== RECORDS SHOWN

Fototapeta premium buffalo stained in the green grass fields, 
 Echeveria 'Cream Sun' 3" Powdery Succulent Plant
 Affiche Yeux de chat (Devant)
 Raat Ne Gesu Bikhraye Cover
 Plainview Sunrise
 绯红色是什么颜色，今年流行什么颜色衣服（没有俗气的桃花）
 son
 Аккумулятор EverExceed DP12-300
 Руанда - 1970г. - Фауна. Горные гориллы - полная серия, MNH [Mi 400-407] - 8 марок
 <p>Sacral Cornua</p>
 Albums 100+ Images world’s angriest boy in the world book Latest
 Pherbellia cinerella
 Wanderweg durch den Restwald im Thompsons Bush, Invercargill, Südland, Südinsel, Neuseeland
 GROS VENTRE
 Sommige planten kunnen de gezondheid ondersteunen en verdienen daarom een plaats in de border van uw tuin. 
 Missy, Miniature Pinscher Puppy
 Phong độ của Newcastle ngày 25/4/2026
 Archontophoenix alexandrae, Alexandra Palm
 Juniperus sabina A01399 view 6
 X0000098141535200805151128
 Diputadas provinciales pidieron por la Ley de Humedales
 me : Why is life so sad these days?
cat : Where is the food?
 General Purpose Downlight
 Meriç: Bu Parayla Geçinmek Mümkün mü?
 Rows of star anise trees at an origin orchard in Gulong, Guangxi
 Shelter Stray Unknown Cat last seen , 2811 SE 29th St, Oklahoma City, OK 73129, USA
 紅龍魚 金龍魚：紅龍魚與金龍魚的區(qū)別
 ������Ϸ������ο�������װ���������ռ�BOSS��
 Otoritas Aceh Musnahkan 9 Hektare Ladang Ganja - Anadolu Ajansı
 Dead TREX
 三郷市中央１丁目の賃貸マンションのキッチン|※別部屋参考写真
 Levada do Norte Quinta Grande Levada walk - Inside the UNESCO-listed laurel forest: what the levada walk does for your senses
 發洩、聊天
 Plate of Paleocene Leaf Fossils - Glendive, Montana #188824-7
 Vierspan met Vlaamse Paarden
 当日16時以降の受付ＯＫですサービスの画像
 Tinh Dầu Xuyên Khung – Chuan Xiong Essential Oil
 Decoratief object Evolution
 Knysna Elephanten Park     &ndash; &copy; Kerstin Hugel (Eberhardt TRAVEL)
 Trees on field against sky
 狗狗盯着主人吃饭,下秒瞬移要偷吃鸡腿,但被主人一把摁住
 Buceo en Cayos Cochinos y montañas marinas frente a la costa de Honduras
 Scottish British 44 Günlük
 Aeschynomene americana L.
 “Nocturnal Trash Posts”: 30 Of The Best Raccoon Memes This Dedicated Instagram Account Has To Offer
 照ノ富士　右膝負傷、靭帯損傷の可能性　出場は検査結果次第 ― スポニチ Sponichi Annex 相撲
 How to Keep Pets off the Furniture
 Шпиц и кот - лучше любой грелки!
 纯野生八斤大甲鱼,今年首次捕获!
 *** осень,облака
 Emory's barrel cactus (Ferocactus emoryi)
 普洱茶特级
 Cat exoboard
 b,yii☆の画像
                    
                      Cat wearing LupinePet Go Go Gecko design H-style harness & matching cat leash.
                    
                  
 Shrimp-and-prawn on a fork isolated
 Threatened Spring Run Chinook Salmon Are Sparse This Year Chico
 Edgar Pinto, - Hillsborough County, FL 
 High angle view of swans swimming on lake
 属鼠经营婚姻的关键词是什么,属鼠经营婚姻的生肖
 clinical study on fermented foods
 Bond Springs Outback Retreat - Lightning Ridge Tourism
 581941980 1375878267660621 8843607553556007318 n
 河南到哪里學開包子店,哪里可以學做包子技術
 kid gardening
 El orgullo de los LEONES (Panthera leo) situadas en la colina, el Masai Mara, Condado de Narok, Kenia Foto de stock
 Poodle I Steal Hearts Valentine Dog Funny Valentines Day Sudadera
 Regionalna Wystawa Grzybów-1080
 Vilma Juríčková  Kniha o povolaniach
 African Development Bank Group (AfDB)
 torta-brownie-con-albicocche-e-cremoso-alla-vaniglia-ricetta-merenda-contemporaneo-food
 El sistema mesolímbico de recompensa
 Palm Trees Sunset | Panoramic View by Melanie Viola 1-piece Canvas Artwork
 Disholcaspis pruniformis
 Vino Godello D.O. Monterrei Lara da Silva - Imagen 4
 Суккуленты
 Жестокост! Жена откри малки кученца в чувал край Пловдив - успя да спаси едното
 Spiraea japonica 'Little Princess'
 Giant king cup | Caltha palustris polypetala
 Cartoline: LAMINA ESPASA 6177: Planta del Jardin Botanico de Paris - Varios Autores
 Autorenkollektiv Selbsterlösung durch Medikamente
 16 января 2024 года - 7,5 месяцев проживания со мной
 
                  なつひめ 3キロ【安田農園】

====

▶ _DIRECTIONS_:
Scan the entries above for the line containing "General Purpose Downlight", and copy it and all lines after it exactly, down to and including the line containing "三郷市中央１丁目の賃貸マンションのキッチン|※別部屋参考写真".

▶ _OUTPUT OF THE EXERCISE_:
 General Purpose Downlight
 Meriç: Bu Parayla Geçinmek Mümkün mü?
 Rows of star anise trees at an origin orchard in Gulong, Guangxi
 Shelter Stray Unknown Cat last seen , 2811 SE 29th St, Oklahoma City, OK 73129, USA
 紅龍魚 金龍魚：紅龍魚與金龍魚的區(qū)別
 ������Ϸ������ο�������װ���������ռ�BOSS��
 Otoritas Aceh Musnahkan 9 Hektare Ladang Ganja - Anadolu Ajansı
 Dead TREX
 三郷市中央１丁目の賃貸マンションのキッチン|※別部屋参考写真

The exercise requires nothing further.